Screw gauge or micrometer screw gauge is a measuring instrument used for precision measurement. A measuring device used extensively in the mechanical engineering field, micrometer screw gauge is used for measuring extremely small dimensions. A screw gauge can even measure dimensions smaller than those measured by a Vernier Caliper. Belonging to the family of calipers, micrometer screw gauges also consists of two different scales.
Micrometer Screw gauge works on the simple principle of converting small distances into larger ones by measuring the rotation of the screw. This “screw” principle facilitates reading of smaller distances on a scale after amplifying them.
To simply it further, let’s take a normal screw with threads. While inserting a screw, the thread rotates for a particular number of times. Each rotation of this screw can be correlated to an equivalent axial movement, which is known as the lead or pitch of the screw.

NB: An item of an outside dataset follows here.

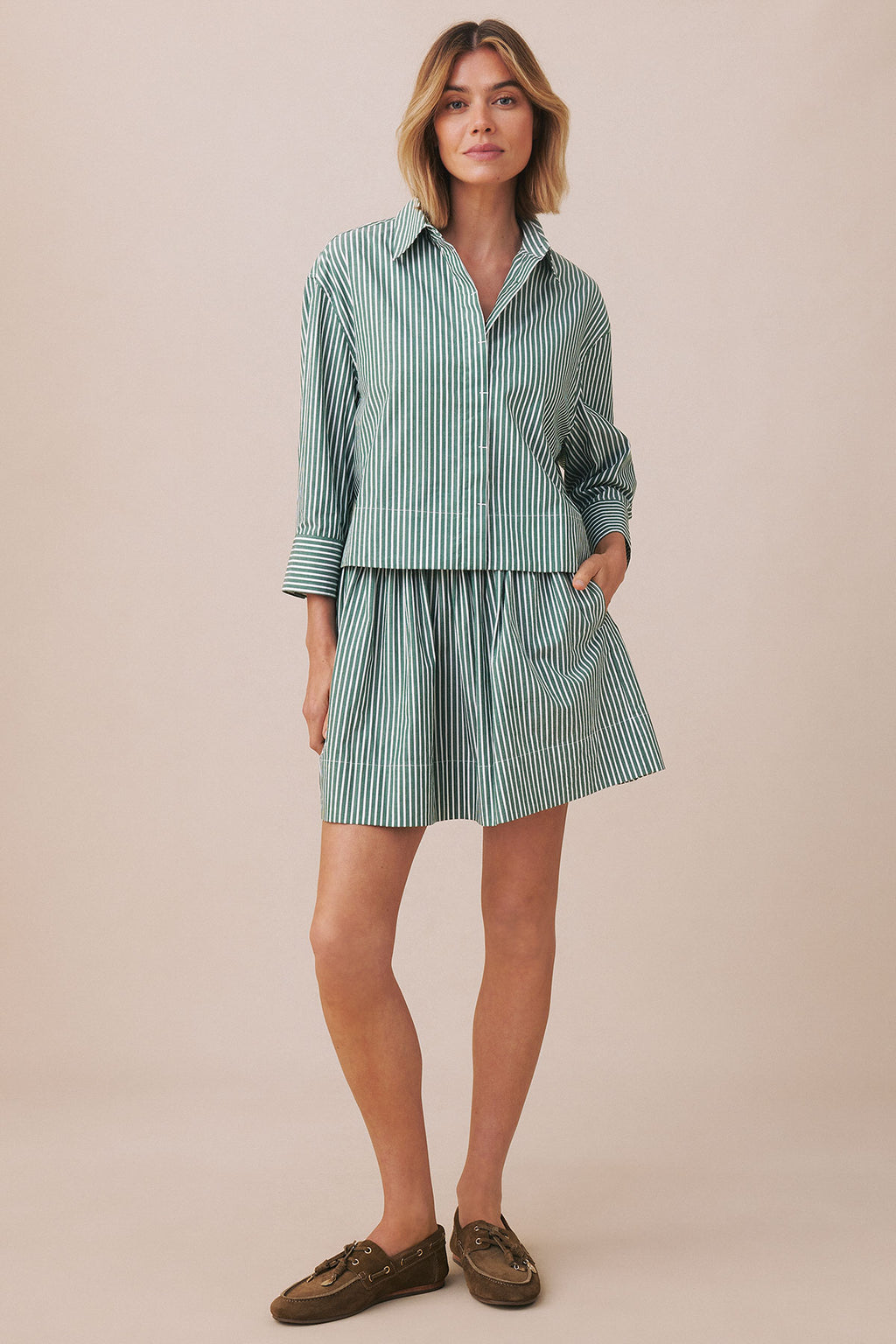 Woman wearing a hunter green and white vertical striped button-up shirt and matching skirt set with brown loafers.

If all the threads of the screw are made with a constant pitch, which is already known, the amount of axial movement generated can be easily traced on a scale. The micrometer screw gauge uses this principle to measure dimensions.
Construction and Parts
A screw gauge consists of a “U” shaped metallic structure, which is attached to a hollow cylindrical tube on one end. The hollow tube has a uniformly threaded nut inside it. A long stud with a plane face is fitted into this nut. Exactly on the opposite side of this nut and on the other end of the U shaped frame, a smaller stud with a plane face is also attached. Faces of both the studs are exactly parallel to each other.

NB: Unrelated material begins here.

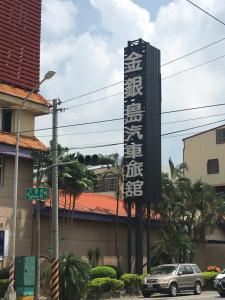 a sign for a hotel in front of a building at Treasure Island Motel - Renwu in Kaohsiung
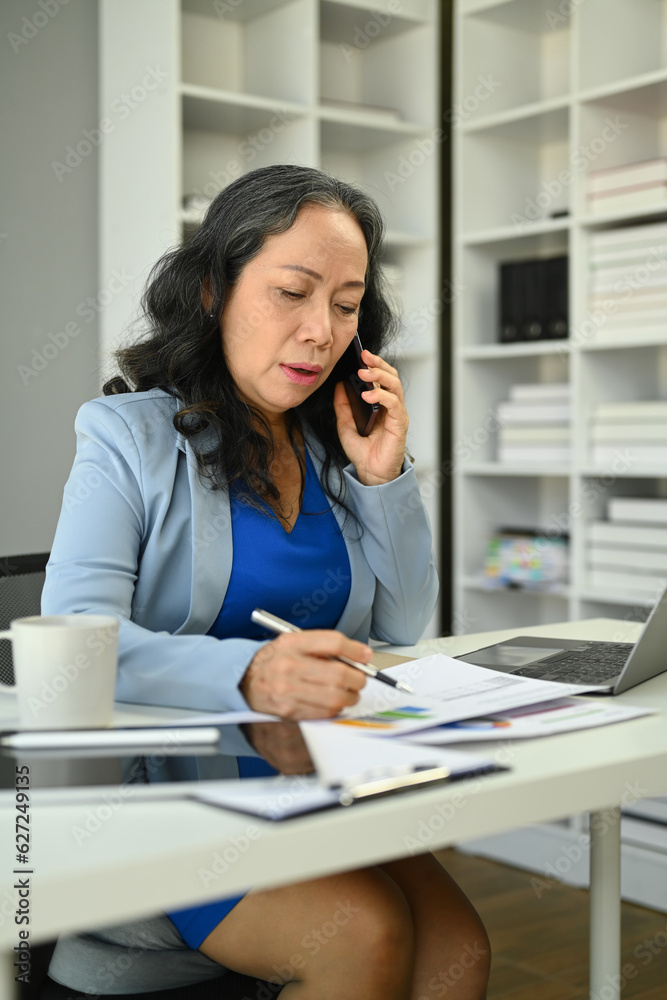Beautiful mature businesswoman having pleased phone conversation and taking notes Beautiful mature businesswoman having pleased phone conversation and taking notes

This U shaped metallic structure is known as the frame of the micrometer screw gauge. The smaller stud is known as the anvil and the longer one is known as the spindle. The anvil is the fixed part of the device, whereas the spindle moves as and when the head is moved. The frame carries both the anvil and barrel, and is also heavier than the rest of the parts. The object to be measured is held between the anvil and the spindle.

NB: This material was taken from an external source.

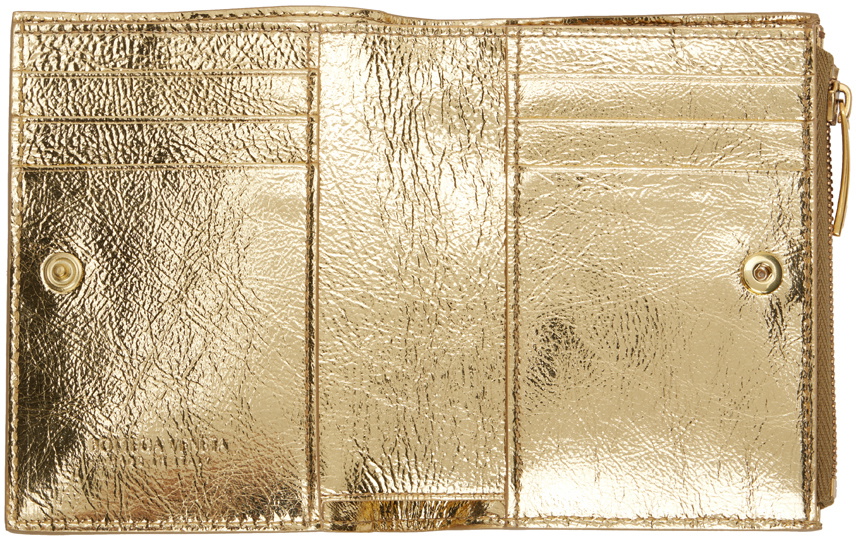 Bottega Veneta selling zip wallet gold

The Barrel or sleeve is connects the frame to the cylindrical tube. It is a non-movable part of the screw gauge and has a scale inscribed over it which is the main scale of the device. Moreover, it also carries the most important part of the micrometer- the screw.
The screw is the heart of the micrometer and is located inside the barrel. The screw converts small dimensions into measurable distance using a scale. The thimble or head is the end of the cylindrical tube and is turned to move and adjust the spindle. The thimble carries the vernier or secondary scale. There is one more part called the ratchet which is provided at the end of the tube. The ratchet is kind of limiting device which applies a pressure by slipping at a predetermined torque and thus prevents the spindle from moving further. Some screw gauges also consist of locking devices which holds the scales at a particular position for prevent any kind of error while taking readings.
Thus the main parts of a micrometer screw gauge are:
A micrometer screw gauge also uses two scales – main and secondary scales. The secondary scale is provided on the thimble and is the measurement of the pitch of the screw. This means that the reading on the secondary scale measures the distance moved by the thimble per rotation. The scale on thimble is divided into 50 equal parts and measures hundredths of a millimeter. The thimble scale rotates over the spindle or the main scale. The main scale is a millimeter scale subdivided into equal parts with half a millimeter distance. When the object is to be measured, it is placed in between the anvil and the spindle. Readings from both the scales are taken into account for arriving at the final measurement.
Micrometer screw gauge is a delicate device and thus special care should be taken while handling it. Moreover, it is also important that the micrometer is well calibrated to prevent any kind of error in the final reading.